As the UN General Assembly wound up late last week, global health thinkers pondered the extent of our success in reaching UN Millennium Development Goals that call for increased survival of children. Some, such Dr. Michael H. Merson, founding director of the Duke Global Health Institute, see the numbers of childhood deaths as potentially stalling after a sharp decline. Others, such as New York Times columnist Nicholas D. Kristof, think childhood survival numbers will continue to improve. Both, however, insist more needs to be done.
Opinion: “The moment of truth” for child survival
GlobalPost, September 30, 2013
Preventing childhood diarrhea and pneumonia deaths and vaccinating children in the first six months of life was the essence of the child survival revolution of the 1980s. But sadly, the revolution came to an end as much of the global health community shifted most of its attention and resources to HIV/AIDS. . .This is the moment of truth. The level of commitment that the world made to eradicating smallpox and improving access to antiretroviral drugs, especially in low-income countries, now needs to be applied to child survival.

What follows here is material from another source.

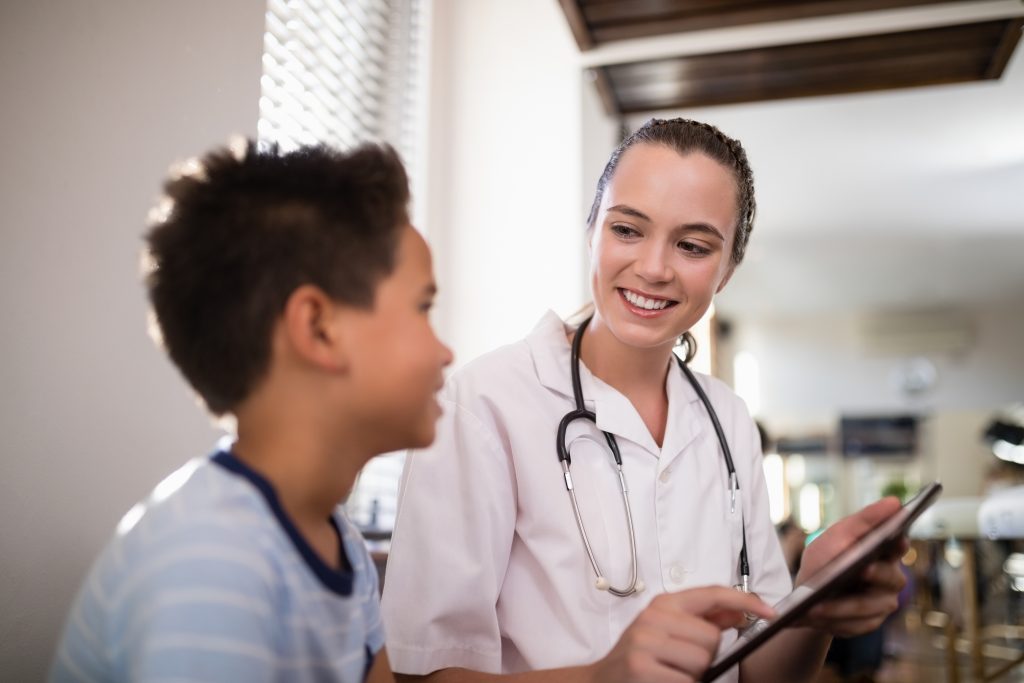 Smiling female nurse showing digital tablet to boy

A way of life is ending. Thank goodness.
The New York Times, September 28, 2013
Here’s something even more important than Congressional name-calling or the debt limit: new approaches are saving millions of children’s lives each year. In 1990, more than 12 million children died before the age of 5. Now that figure is down close to 6 million. Bill Gates, whose foundation with his wife, Melinda, pioneers the vaccines and medicines saving these lives, tells me that in his lifetime the number will drop below 1 million.
GAVI Alliance to address next vaccine challenge: supply chains
Devex, September 26, 2013
Currently, millions of children go unimmunized each year because of delivery problems, including anything from vaccine supply chain breaks and ineffective cold chain equipment to poor vaccine stock management in developing countries. Shockingly, these kinds of issues account for a substantial number of the children who miss out on their shots.
Global cancer fund needed to fight surging cases in poor nations
Bloomberg Businessweek, September 30, 2013
A global fund is needed to curb ballooning cancer rates in poor nations, where malignancies already kill more people than AIDS, tuberculosis, and malaria combined, according to a report by a coalition of researchers.